Técnico Bento orgulhoso dos coreanos, mas se aposenta após derrota para o Brasil | notícias de futebol

Paulo Bento anunciou que deixará o cargo de técnico da Coreia do Sul após a derrota por 4 x 1 para o Brasil nas oitavas de final da Copa do Mundo na segunda-feira, mas disse que a decisão foi tomada meses atrás e não foi afetada por nada sobre o que aconteceu no Catar.

“A partir de agora só temos que pensar no futuro e não será com a seleção da Coreia do Sul”, disse ele na coletiva de imprensa pós-jogo.

“Acabei de anunciar aos jogadores e ao presidente, foi uma decisão tomada em setembro e agradeci por tudo o que fizeram.
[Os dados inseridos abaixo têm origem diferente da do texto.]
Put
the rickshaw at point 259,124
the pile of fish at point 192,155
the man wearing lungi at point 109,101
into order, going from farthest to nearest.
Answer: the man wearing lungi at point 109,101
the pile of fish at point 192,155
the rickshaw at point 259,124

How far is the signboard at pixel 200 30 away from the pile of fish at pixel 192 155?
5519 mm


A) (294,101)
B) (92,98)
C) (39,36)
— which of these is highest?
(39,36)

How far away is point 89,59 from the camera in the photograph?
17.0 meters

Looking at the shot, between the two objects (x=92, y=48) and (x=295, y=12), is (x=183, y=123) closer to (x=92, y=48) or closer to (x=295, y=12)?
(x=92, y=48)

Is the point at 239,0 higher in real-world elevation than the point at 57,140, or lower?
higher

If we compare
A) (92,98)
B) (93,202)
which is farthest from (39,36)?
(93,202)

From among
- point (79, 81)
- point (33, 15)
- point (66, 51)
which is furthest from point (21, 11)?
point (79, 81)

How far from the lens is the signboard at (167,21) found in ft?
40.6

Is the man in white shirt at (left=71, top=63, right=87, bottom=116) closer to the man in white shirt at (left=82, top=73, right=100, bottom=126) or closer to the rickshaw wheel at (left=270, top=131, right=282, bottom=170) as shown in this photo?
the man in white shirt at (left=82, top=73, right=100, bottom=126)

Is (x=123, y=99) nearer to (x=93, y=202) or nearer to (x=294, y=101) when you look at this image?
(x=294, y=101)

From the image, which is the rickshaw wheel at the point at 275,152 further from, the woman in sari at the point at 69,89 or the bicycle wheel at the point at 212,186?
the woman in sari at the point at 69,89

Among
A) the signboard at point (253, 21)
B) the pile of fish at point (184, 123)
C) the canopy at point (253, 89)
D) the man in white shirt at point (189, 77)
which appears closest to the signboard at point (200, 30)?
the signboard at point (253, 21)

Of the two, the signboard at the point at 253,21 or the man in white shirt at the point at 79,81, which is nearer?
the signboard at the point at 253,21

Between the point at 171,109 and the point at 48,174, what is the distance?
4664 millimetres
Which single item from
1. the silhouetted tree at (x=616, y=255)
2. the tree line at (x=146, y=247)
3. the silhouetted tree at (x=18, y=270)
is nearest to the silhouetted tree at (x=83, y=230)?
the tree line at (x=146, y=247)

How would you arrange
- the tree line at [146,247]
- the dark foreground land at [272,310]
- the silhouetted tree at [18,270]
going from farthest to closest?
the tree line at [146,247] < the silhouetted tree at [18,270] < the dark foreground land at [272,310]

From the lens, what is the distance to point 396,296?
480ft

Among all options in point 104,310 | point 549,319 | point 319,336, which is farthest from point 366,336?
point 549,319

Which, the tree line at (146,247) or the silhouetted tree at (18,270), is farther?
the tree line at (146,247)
Tenho orgulho de ter sido seu treinador por mais de quatro anos. Vou descansar e ver o que acontece a seguir.”

Bento disse estar imensamente satisfeito por ter trabalhado com uma seleção coreana que chegou pela terceira vez à fase eliminatória e particularmente satisfeito com a forma como o fizeram.

“O Brasil mereceu vencer e é claro que estou triste com o resultado, mas foi extraordinário o que aconteceu com o futebol coreano nos últimos quatro anos”, disse o ex-meio-campista de Portugal, cuja última internacionalização como jogador foi uma derrota para Coreia na Copa do Mundo de 2002.

“Fomos muito ousados ​​na forma como abordámos o jogo hoje, apesar de estarmos com pouca energia (devido à curta mudança de equipa), fomos fiéis ao nosso estilo até ao fim e fiquei muito orgulhoso disso.”

Bento estava certo em se orgulhar de um time que criou mais boas chances contra o Brasil em 90 minutos do que os favoritos da Copa do Mundo em seus três jogos anteriores somados.

Eles podem ter caído nas oitavas de final graças aos gols marcados, mas a Coreia mostrou tenacidade admirável e espírito para continuar perseguindo, tentando e criando, apesar de estar no final de uma exibição vertiginosa do Brasil que rendeu quatro gols magníficos. os primeiros 40 minutos.

O time de Bento teve apenas um chute certeiro de Hwang Hee-chan, brilhantemente defendido por Alisson, para mostrar sua limitada capacidade de ataque no primeiro tempo, quando o Brasil entrou em fúria.

Os favoritos tiraram o pé do acelerador no segundo tempo, mas esse não é um conceito com o qual seus rivais estejam familiarizados. Como fizeram em todos os jogos no Catar, eles trabalharam incansavelmente, perseguindo todos os atacantes brasileiros e depois lançando corpos para a frente, apesar da aparente desesperança de sua causa.

Eles foram recompensados ​​​​quando Paik Seung-ho marcou um gol de consolação espetacular de 25 metros e deixou o campo com a cabeça erguida.

“O que fizemos durante a fase de grupos foi muito bom”, disse Bento. “Poderíamos e deveríamos ter vencido Gana (em um jogo que eles perderam por 3 a 2), mas não peço desculpas por repetir para mim mesmo o quanto estou satisfeito e orgulhoso.”